[Items listed in a dataset]
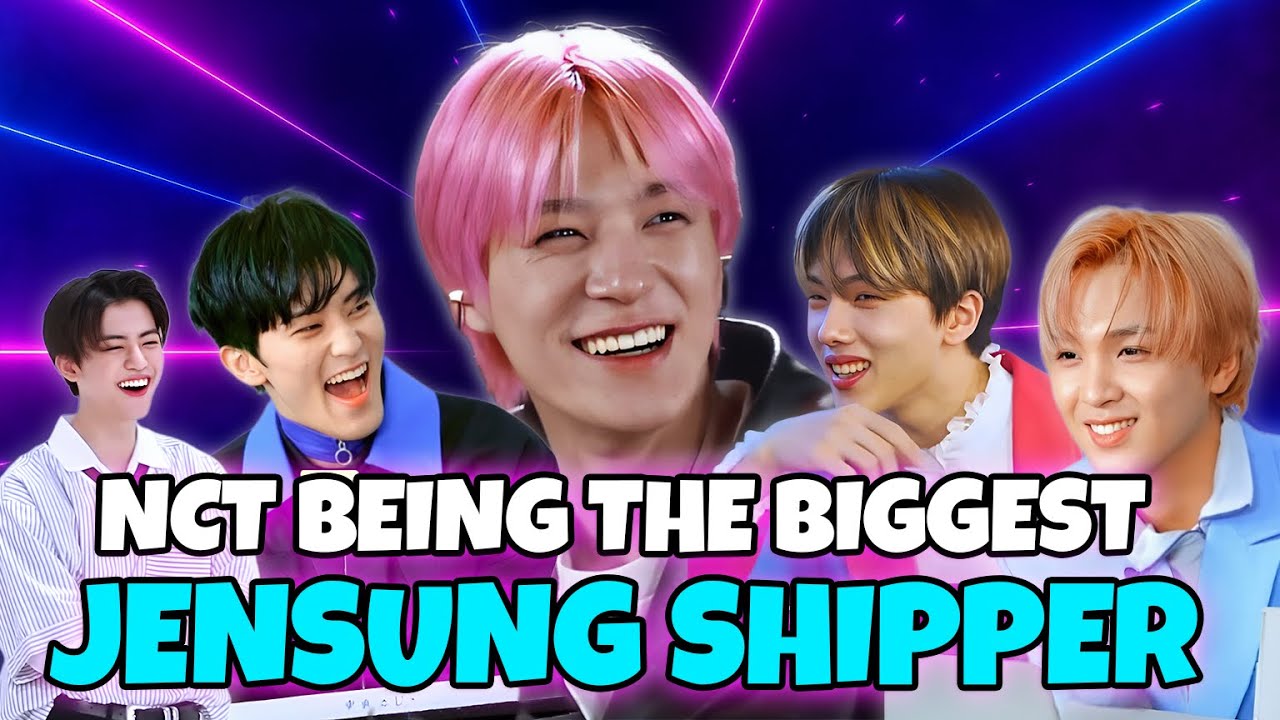 nct dream being the biggest jensung shipper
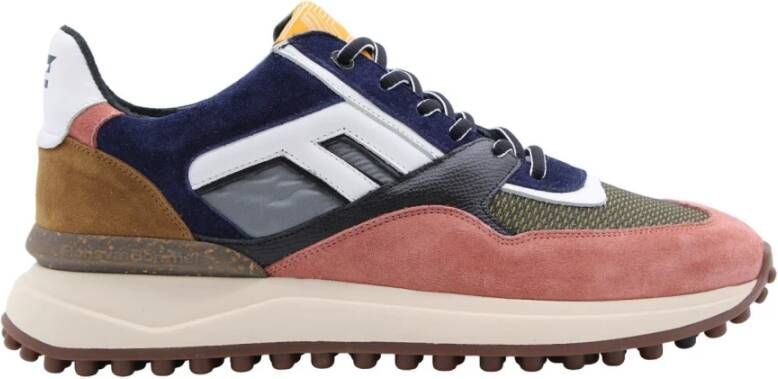 Floris van Bommel SUMI 06.14 Lage sneakers s sneakersPopulaire Roze - Foto 3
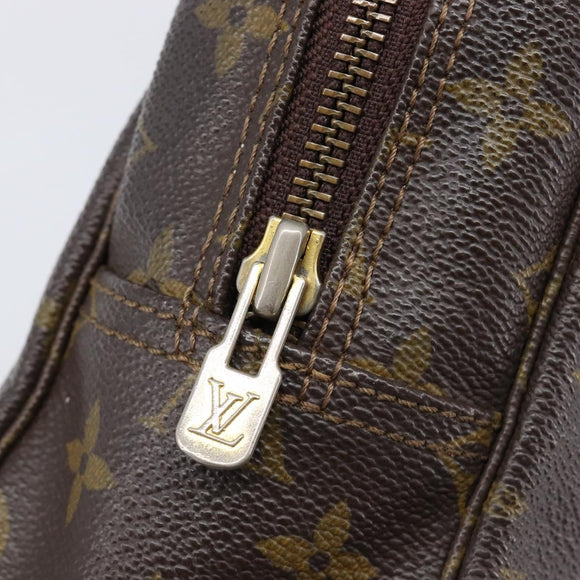LOUIS VUITTON Monogram Trousse Toilette 28 Clutch Bag M47522 LV Auth ka7185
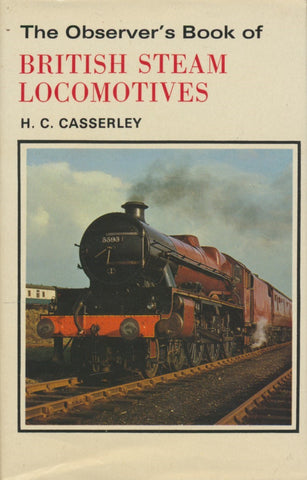 The Observer's Book of British Steam Locomotives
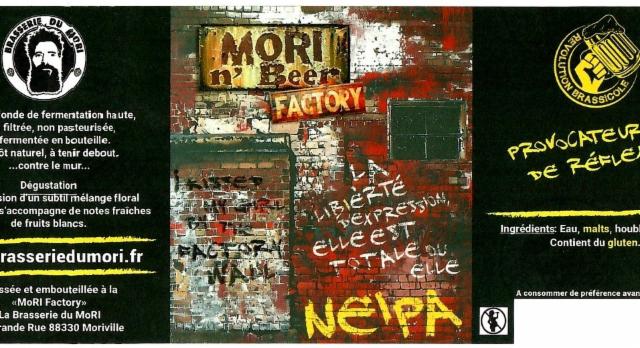 Mori N'Beer Factory, Brasserie Du Mori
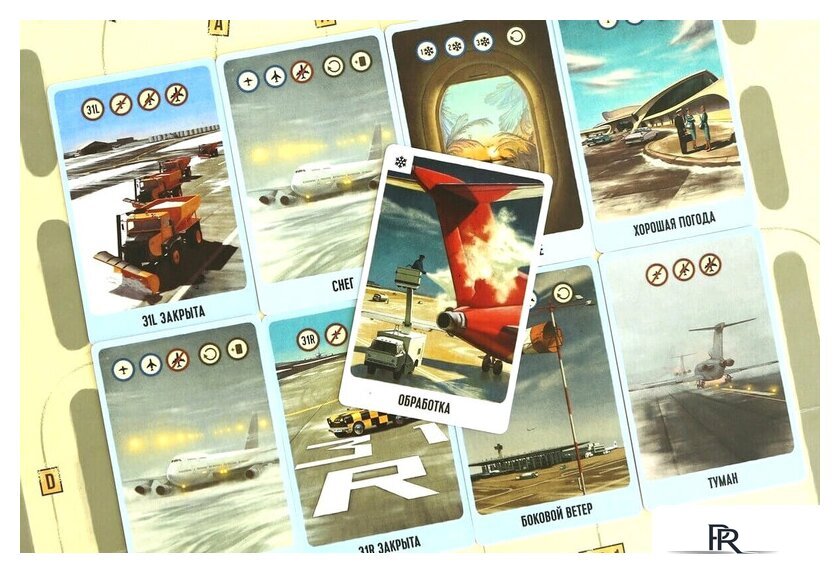 Настольная игра Экивоки Взлет разрешен! - Изображение №3 — Интернет-магазин ПроЗаказ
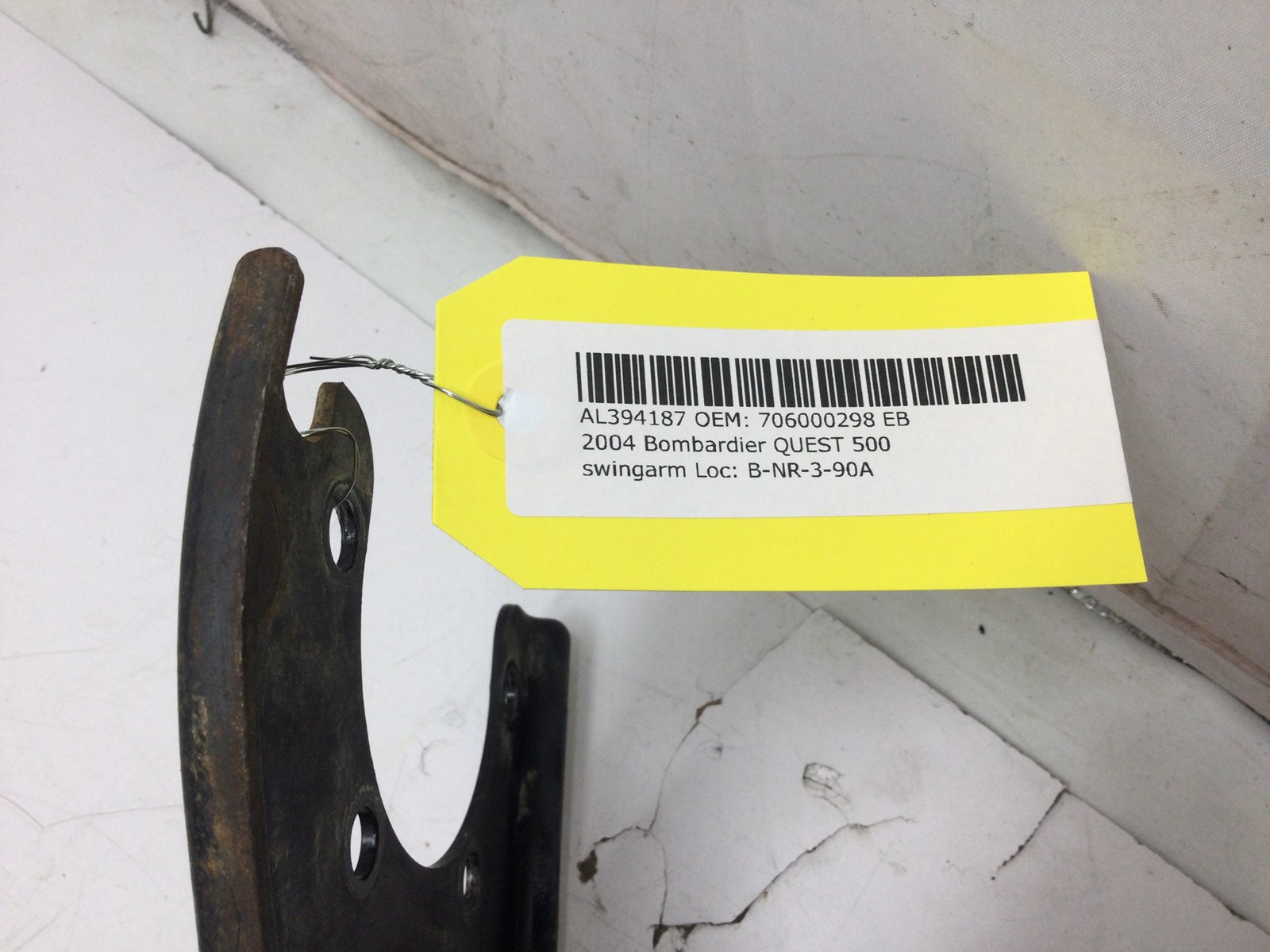 2004 Bombardier Swing Arm - Image 5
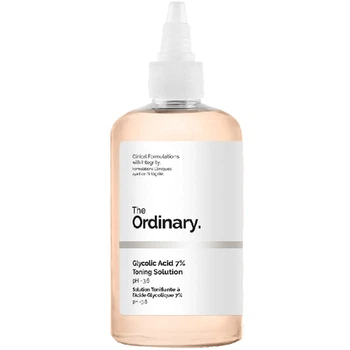 Відновлюючий лосьйон з гліколевої кислотою 7% The Ordinary Glycolic Acid 7% Toning Solution 240ml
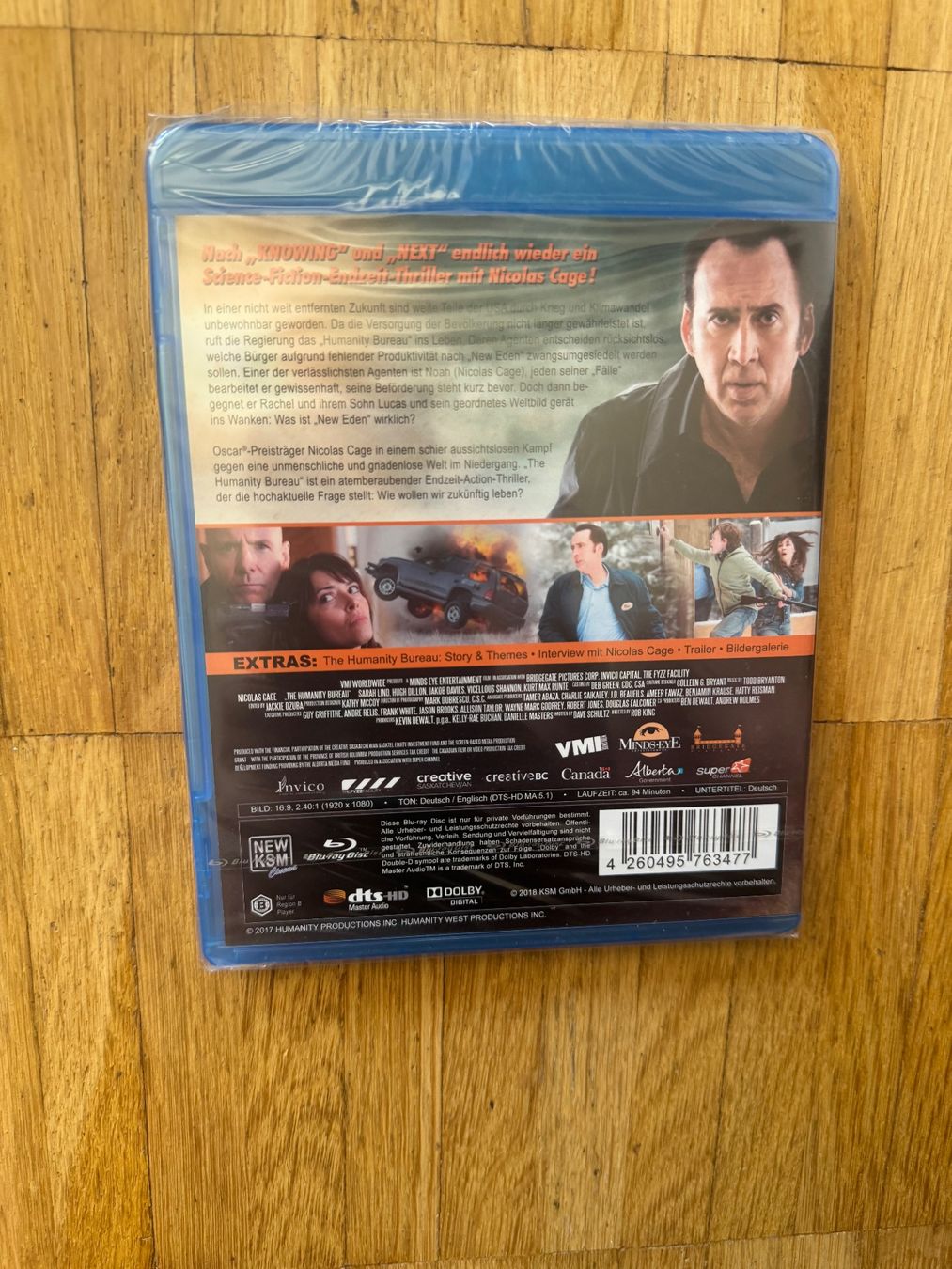 Tutti i DVDs: THE HUMANITY BUREAU. (BLU-RAY/OVP) – Nuovo e nell'imballaggio originale da Basel venduto da san_2qlq 1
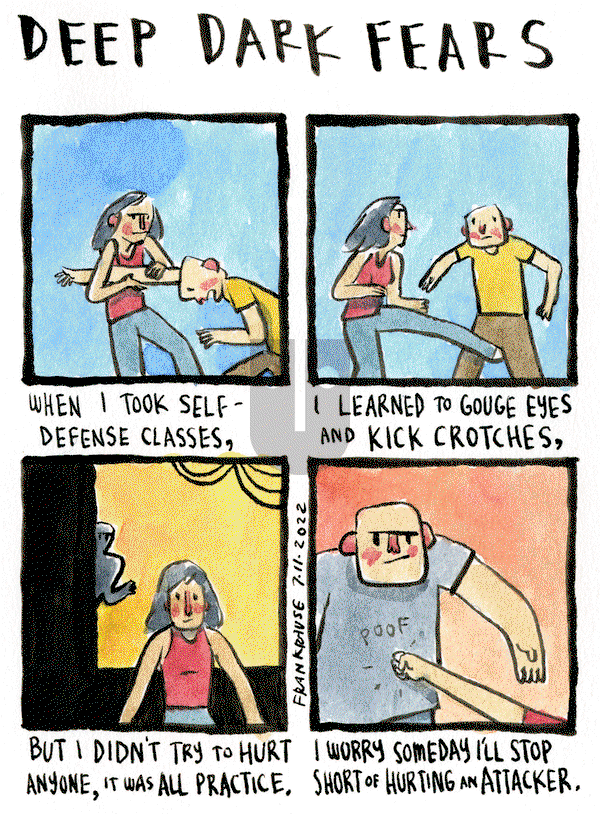 Deep Dark Fears - Monday November 14, 2022 Comic Strip
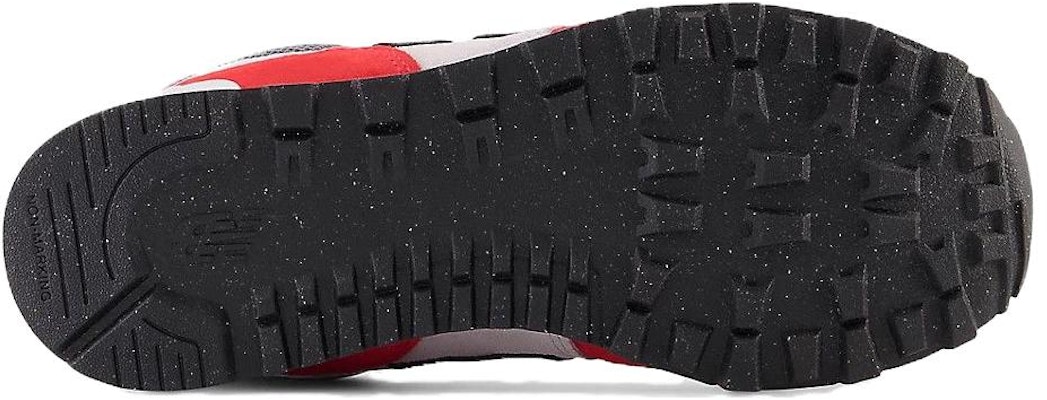 大童 New Balance NB 574 圓頭繫帶 減震耐磨 低筒 兒童跑步鞋 紅灰色 Purchase 大童 New Balance NB 574 圓頭繫帶 減震耐磨 低筒 兒童跑步鞋 紅灰色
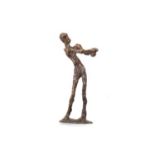 THE GOLFER, IN THE STYLE OF DIEGO GIACOMETTI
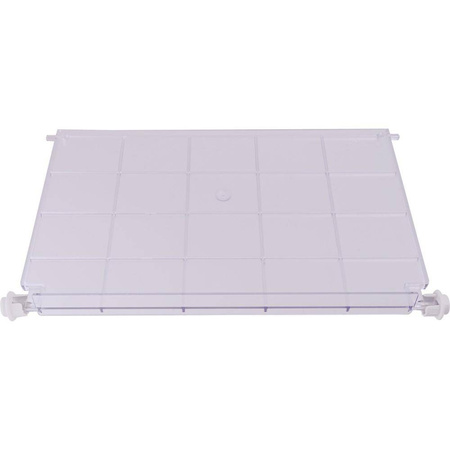 Kit Abdeckung/Befestigung für Gemüsefach zu Dometic-Kühlschrank RC 10.4 (70 Liter)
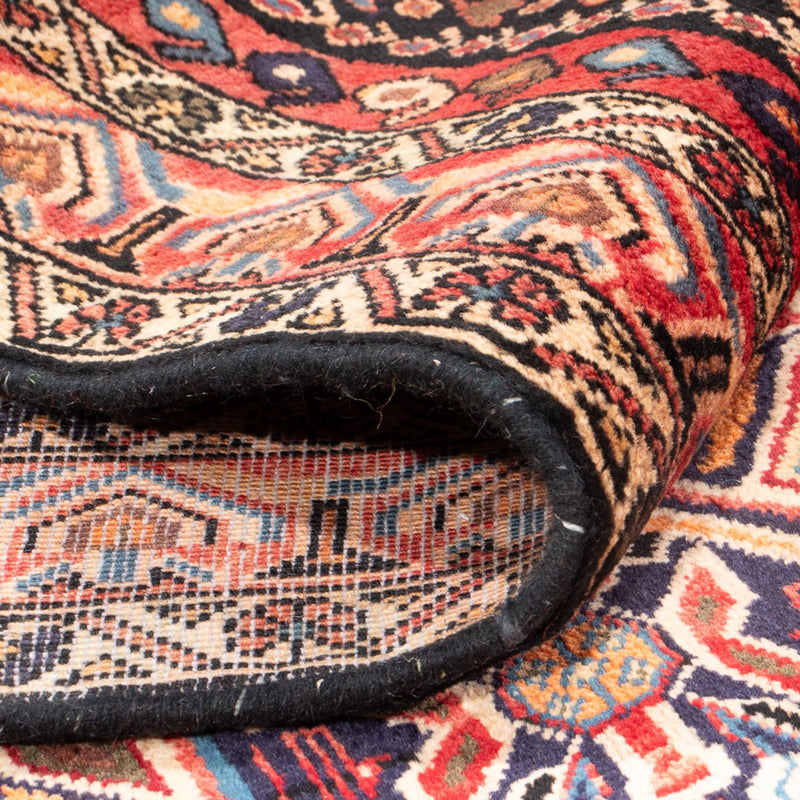 Afshar Sirjan Teppe 225x167cm - Persisk teppe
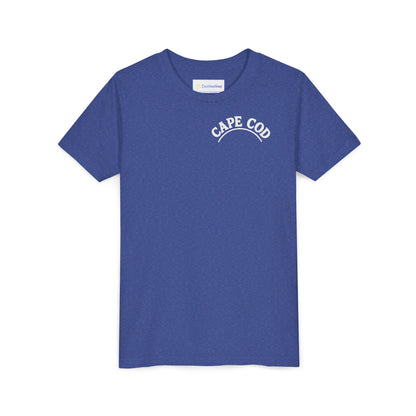 Rustic Cape Cod Unisex Youth Short Sleeve Tee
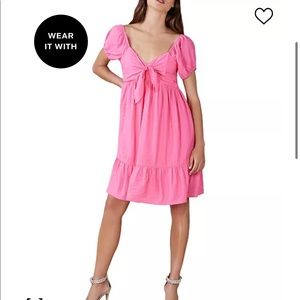 BCBGeneration Pink dress from Macys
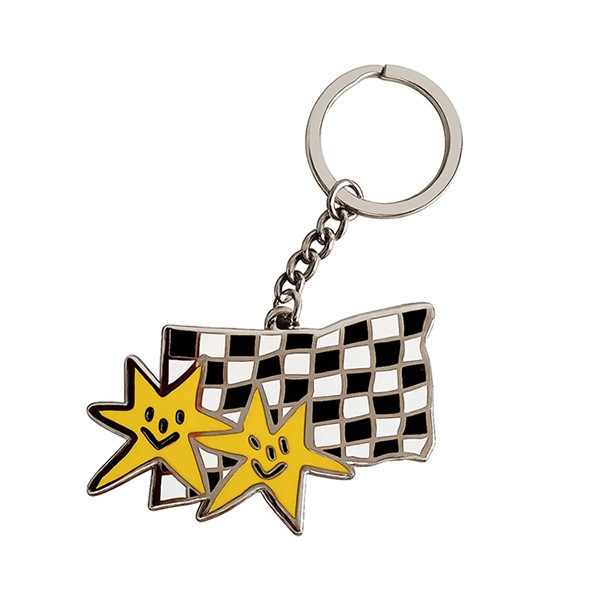 【FROG】STARS KEYCHAIN　フロッグ キーチェーン キーホルダー スケートボード スケボー SKATEBOARD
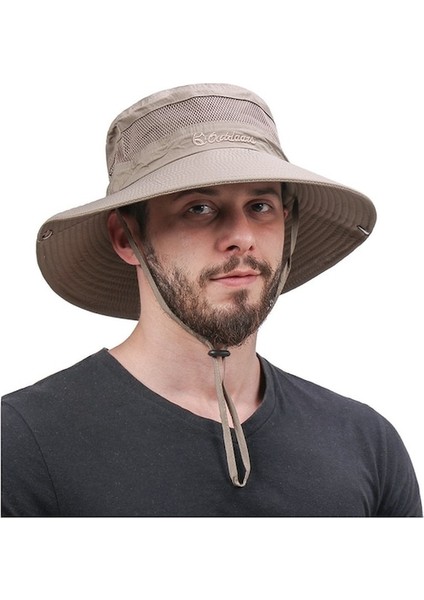 Yyq-Tt Dış Mekan Güneş Koruyucu Balıkçı Şapkası Güneş Şapkası-Pembe (Yurt Dışından) fiyatları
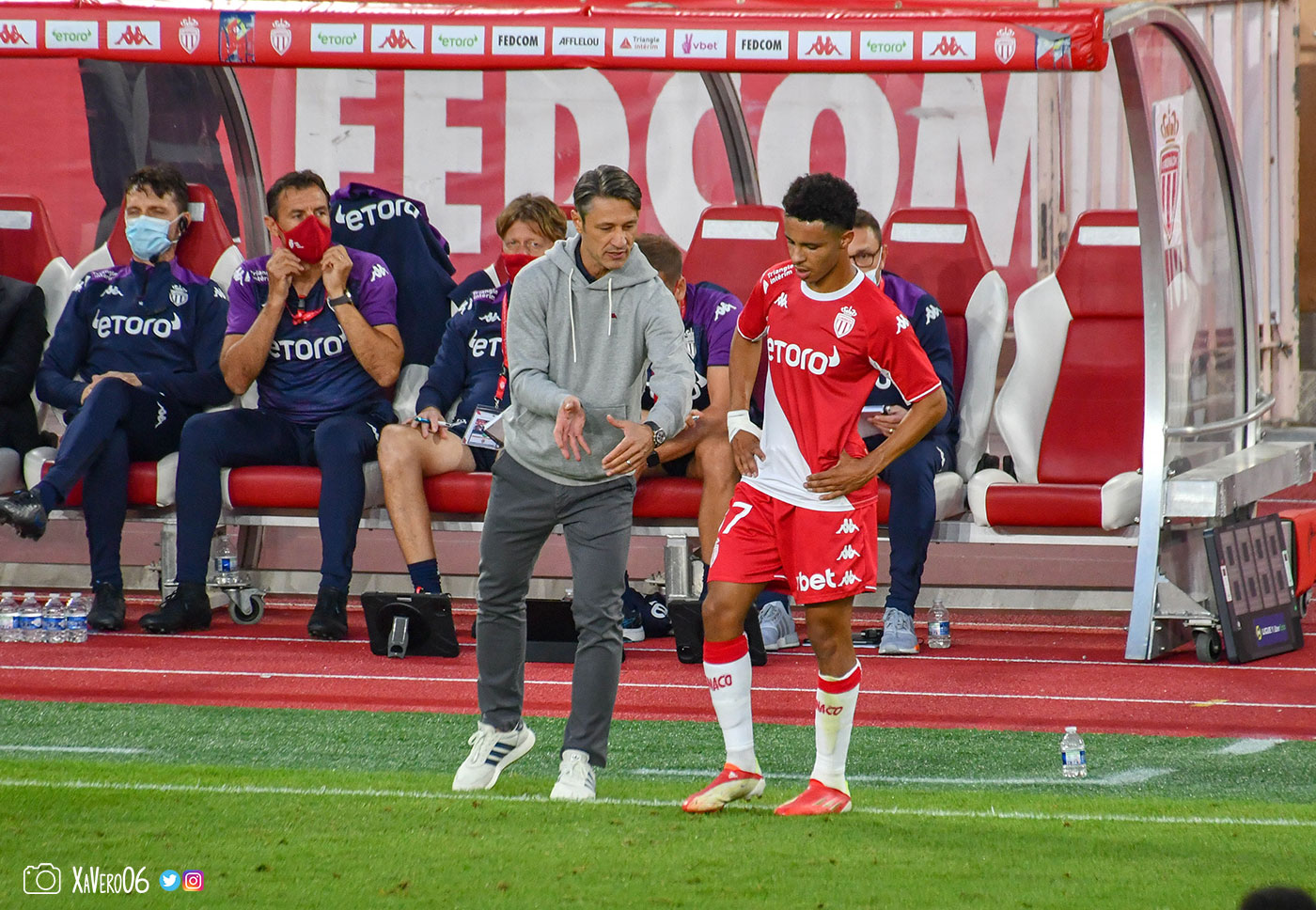...sofiane Diop prend les siennes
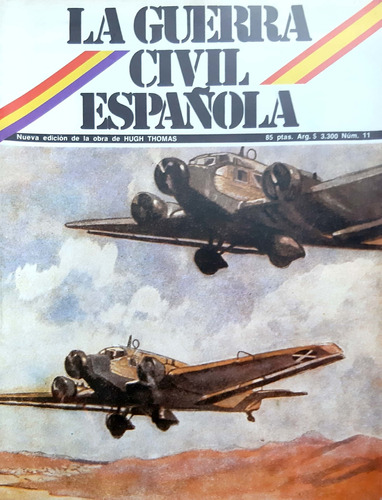 La Guerra Civil Española Thomas Número 11 Urbion Usado #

▶ **Problem details**: Begin at the line in the entries above that has "LOUIS VUITTON Monogram", stop after the line that has "Rustic Cape Cod", and output exactly those lines without pictures.

▶ **Task solution**:
LOUIS VUITTON Monogram Trousse Toilette 28 Clutch Bag M47522 LV Auth ka7185
 The Observer's Book of British Steam Locomotives
 Mori N'Beer Factory, Brasserie Du Mori
 Настольная игра Экивоки Взлет разрешен! - Изображение №3 — Интернет-магазин ПроЗаказ
 2004 Bombardier Swing Arm - Image 5
 Відновлюючий лосьйон з гліколевої кислотою 7% The Ordinary Glycolic Acid 7% Toning Solution 240ml
 Tutti i DVDs: THE HUMANITY BUREAU. (BLU-RAY/OVP) – Nuovo e nell'imballaggio originale da Basel venduto da san_2qlq 1
 Deep Dark Fears - Monday November 14, 2022 Comic Strip
 大童 New Balance NB 574 圓頭繫帶 減震耐磨 低筒 兒童跑步鞋 紅灰色 Purchase 大童 New Balance NB 574 圓頭繫帶 減震耐磨 低筒 兒童跑步鞋 紅灰色
 THE GOLFER, IN THE STYLE OF DIEGO GIACOMETTI
 Kit Abdeckung/Befestigung für Gemüsefach zu Dometic-Kühlschrank RC 10.4 (70 Liter)
 Afshar Sirjan Teppe 225x167cm - Persisk teppe
 Rustic Cape Cod Unisex Youth Short Sleeve Tee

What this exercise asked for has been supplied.